Certainly a part of this research is competitor analysis as well: what is your competition doing that is working or not working? What is their digital footprint, and who is following and interacting with them on social media? You can take lessons from both the good and bad that they are doing, and use that data to refine your own marketing efforts.
Target Market
Once you have done your research, not you can determine what your target market is. This includes you answering for yourself and your company several questions.
- Who makes up your target audience? Are they male or female or both? What age group do they fit into? How much money do they make? Do they own their homes or rent? What cell phone provider do they use? These can all be answered through some simple social media mapping and using various analytics tools.
- Where do they live? Are you a local business looking for the right location? Should you open more than one? Where do your customers shop online currently for your product or service, and how will you convince them that your website is a better place to do that? Where do they browse and what sites? Can you get ads or sponsored posts on those sites?
- How do they buy? DO they buy online from their phone? A laptop or desktop? Do they shop online and then purchase in person? What payment methods do they use?
- What do they do for fun? When they are not shopping, what are your customers or potential customers reading, what sites do they visit online, what activities do they engage in? Answering these questions lets you target them at the right time and place.
Knowing your target market is how you reach the right users, ones that are ready to buy from you or will be soon, and reaching them at a time and place that works for them.
Market Strategy
This leads you to marketing strategy. Marketing strategy is often about more than just placing digital ads and engaging in a content strategy online. Sometimes it means physical advertising or even more traditional means like print ads and television.
If you have done market research and determined your target market, and are still struggling with strategy, hiring an agency may be the right answer for you, at least initially. They can analyze the data you have gathered, give you a direction, and help you initiate your plan. Often smaller agencies can offer you more directed plans and personal service a large agency cannot.
Whether you hire someone or do it yourself, you need to set yourself up with a defined marketing strategy that encompasses all aspects of the marketing you need to do.
Budget
When you are first starting out, your marketing budget will be larger than it will be once you get things rolling. Initial research and analysis, along with setting up and designing ads will cost you more than maintaining them.
At first too you will want to do some A/B testing, which may cost you more at the outset as well. Investment is the key.
Good marketing and advertising will cost you money. Think of it this way: if you are unwilling to invest in your business, why would your customers invest in you? The more you put into marketing, the greater your return. Budget for it.
Just make sure that your marketing is intentional and targeted properly,
Metrics
Once your marketing is up and running, you need to know if it is working. The only way to do that is through metrics and analytics. This means you have to look at numbers: what is your ROI? What is your percentage of conversions? If it is low, why? If you are not getting an 8 or 9% conversion rate, something in your site is probably broken. If traffic is not increasing, or worse, decreasing, you need to analyze why.

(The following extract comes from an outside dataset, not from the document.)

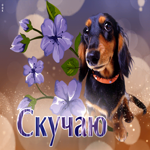 Магнетическая открытка с милой собакой Скучаю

This could be your content, it could be your strategy, or it could be your targeting is off. Taking a realistic look at analytics will tell you why what is happening is occurring. You can gather these through your website, Google analytics, and several other methods. This should be a part of your website design and your marketing strategy overall.
A solid marketing plan should be an intricate part of your business plan. If you don’t know what target you are aiming for, you won’t know if you have hit it, or even how close you are getting. The initial push of a shotgun approach to marketing will get some results for a while, but it is not a long term, sustainable strategy. Incorporate these five elements into your marketing plan to make it the most successful it can be.